Vivían dos osos en un madroño al lado del Sol. Querían construir un refugio allí, en lo alto de la colina.
Discutieron los osos durante un tiempo, un tiempo corto, pero intenso. Y hubo uno de ellos que un día, harto, escogió matar lo que pensó su desasosiego. Tiró a uno de los dos osos por el abismo; y lo vio caer hasta su muerte. Mientras lo veía desvanecerse en la niebla, volvió a escuchar esa voz que lo solía llevar a desquiciarse, la voz que antes provocaba discusiones y malentendidos. Así, mientras veía a su compañero aproximarse a la muerte, le echó de menos. Añoró cuando sus sombras estaban tan juntas, que se hacía imposible reconocer de quién era quién.
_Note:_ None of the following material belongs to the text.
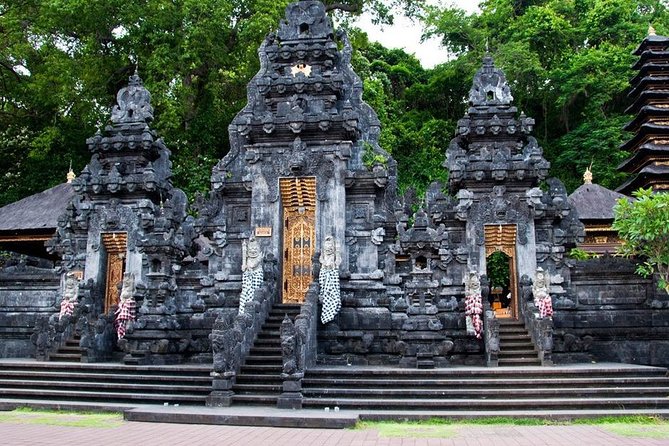 Lempuyang Temple - East Full Day Tour - Tirta Gangga Water Palace: pools, fountains, and 1948-era design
E incluso, añoró la tormenta con el. Cuando lo perdió de vista; quiso seguirle. Pero no tenía a nadie que le empujara ahora a volar; y tampoco tenía valor ni fuerzas para hacerlo solo.
Finalmente optó por tomar un fino tallo del rosal que juntos antes habían plantado; y dibujó en la tierra a su oso compañero. Con líneas finas y sinuosas trazó su contorno delicado que un tiempo atrás rozó, su sonrisa abierta y las lágrimas que también le confió. Dibujó su sombra, sus manos, su boca… Pero ningún dibujo de todos logró satisfacerlo. Pasaron los días, los meses y los años; y el oso vivió obsesionado en dibujar su risa, su llanto, su voz, su presencia y su olor.
Cuando la luz del alba teñía la arena de tonos rojizos y violetas; imágenes de su oso compañero se agolpaban en la cabeza del oso dibujante. Eran tan nítidas, tan vivas; que desaforado, el oso dibujaba; tratando en balde de encerrarlas en la superficie con el trazo de su tallo. Parecía como si la tierra ya no aceptase el alma de su compañero; era como si ahora su alma, perteneciese al Sol.